33° 37' 7.97'' N 117° 55' 47.45'' W

Adopting Minimalism Without Going to Extremes

Aaron McHugh

I own more than one chair. I have two guitars, four pairs of pants, a couple of bikes and a shelf full of unread books. The Minimalists, two guys who write and speak about shaving down your belongings to the essential few, might not consider me one of their tribe.

However, after watching their Netflix documentary and listening to them on the Robcast, here are a few principles I’ve adopted because of them.

1) Choose your favorites and get rid of the rest.

My closet only has items that I love. Everything else went to Goodwill. We applied this idea to every area of our home our cabinets, my office, and even our Christmas decorations.

2) Reduce consumption.

I pause now every time I make a new purchase and ask, “Is this something I need? Will this add clutter?” My purchasing has significantly reduced as a result of adopting a joy-based belief that less is more.

3) Get rid of the old

I used to stockpile stuff. Three jackets, three pairs of running shoes and backpacks. Now, when I purchase something new, e.g., a pair of running shoes, the old pair is donated the same week to Goodwill.
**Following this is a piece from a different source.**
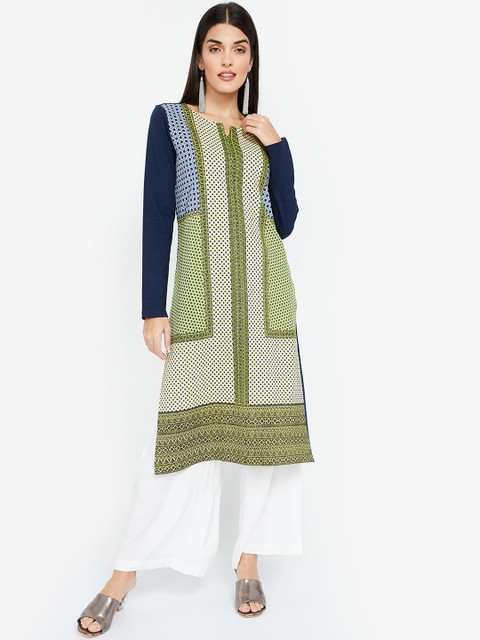 

Melange by Lifestyle Women Navy Blue & Green Printed Straight Kurta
It is important to keep this one-for-one ratio to keep my life clutter free. One comes in, and one goes out.

4) Use what I have instead of purchasing “better.”

When version 2.0 comes out, I choose to use what I already own instead of paying for the newest version. My phone, my computer, my car are all outdated when viewed with a 2.0 filter. They all three work great even though they are not the latest models.

5) Repair before replacing

Thule wanted to send me a new backpack instead of fixing my zipper. I chose to find a local suitcase repair shop, spend $35 and fix the zipper that Thule didn’t want to correct. This week I’m sending in my Patagonia shell to their WornWear repair program.

Thule zipper repair for $35 instead of getting a newer model for free. I love my pack and wanted it fixed more than I wanted a brand new model.